◆ What you should do
Once you find the line with "セーラー服 セーラーリボン付きプリーツミニワンピース" in the data that follows, repeat it and every line after it exactly, through the line with "Premier Beata Szydło w Ostródzie".

◆ Provided material
▽

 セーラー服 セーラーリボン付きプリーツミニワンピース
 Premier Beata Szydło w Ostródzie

△
▽

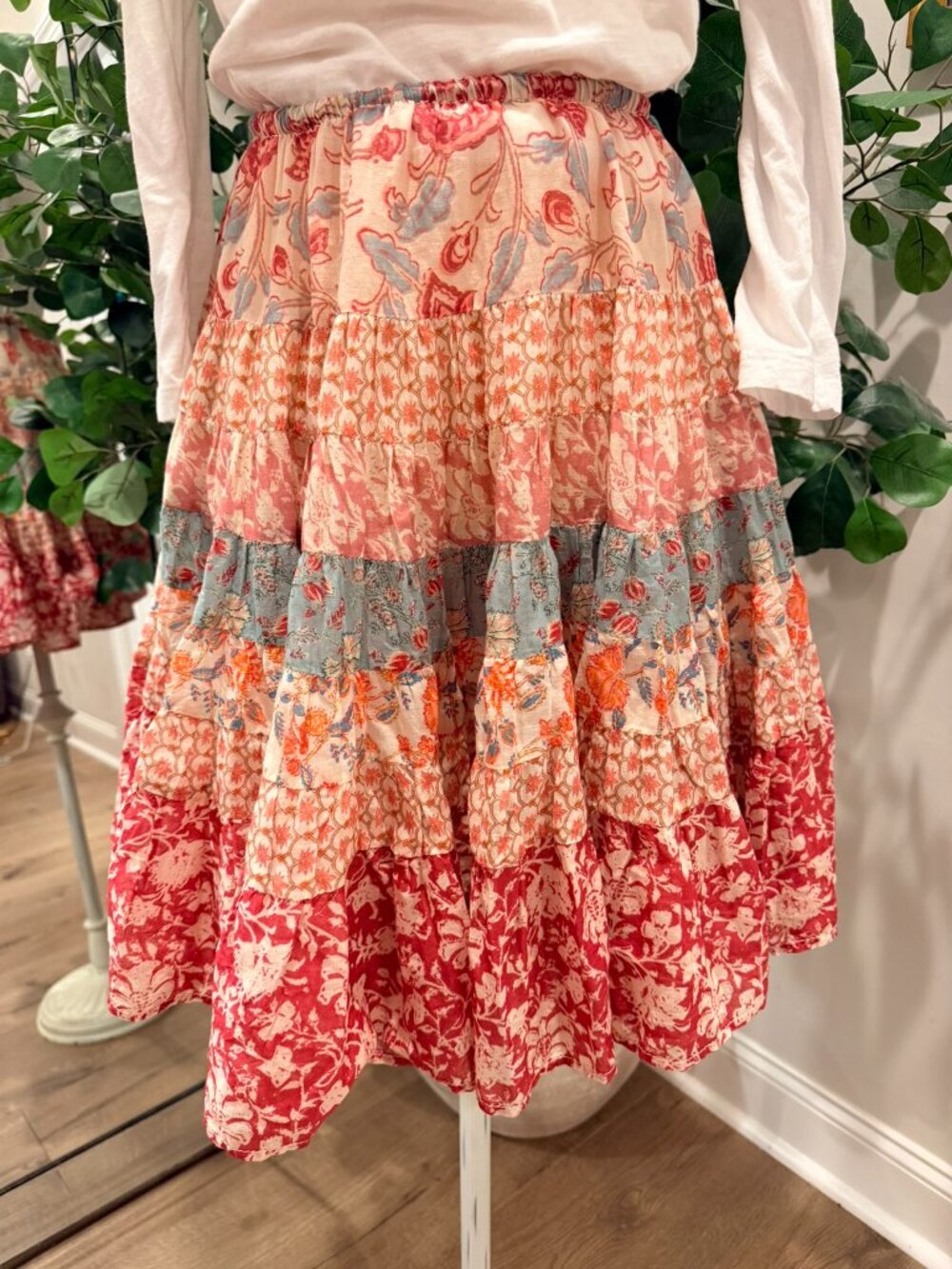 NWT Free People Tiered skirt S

△
▽

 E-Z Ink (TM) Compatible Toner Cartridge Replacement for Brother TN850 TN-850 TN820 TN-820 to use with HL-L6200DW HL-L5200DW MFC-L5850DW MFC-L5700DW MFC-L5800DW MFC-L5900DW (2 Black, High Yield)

△

◆ Exercise solution
 セーラー服 セーラーリボン付きプリーツミニワンピース
 Premier Beata Szydło w Ostródzie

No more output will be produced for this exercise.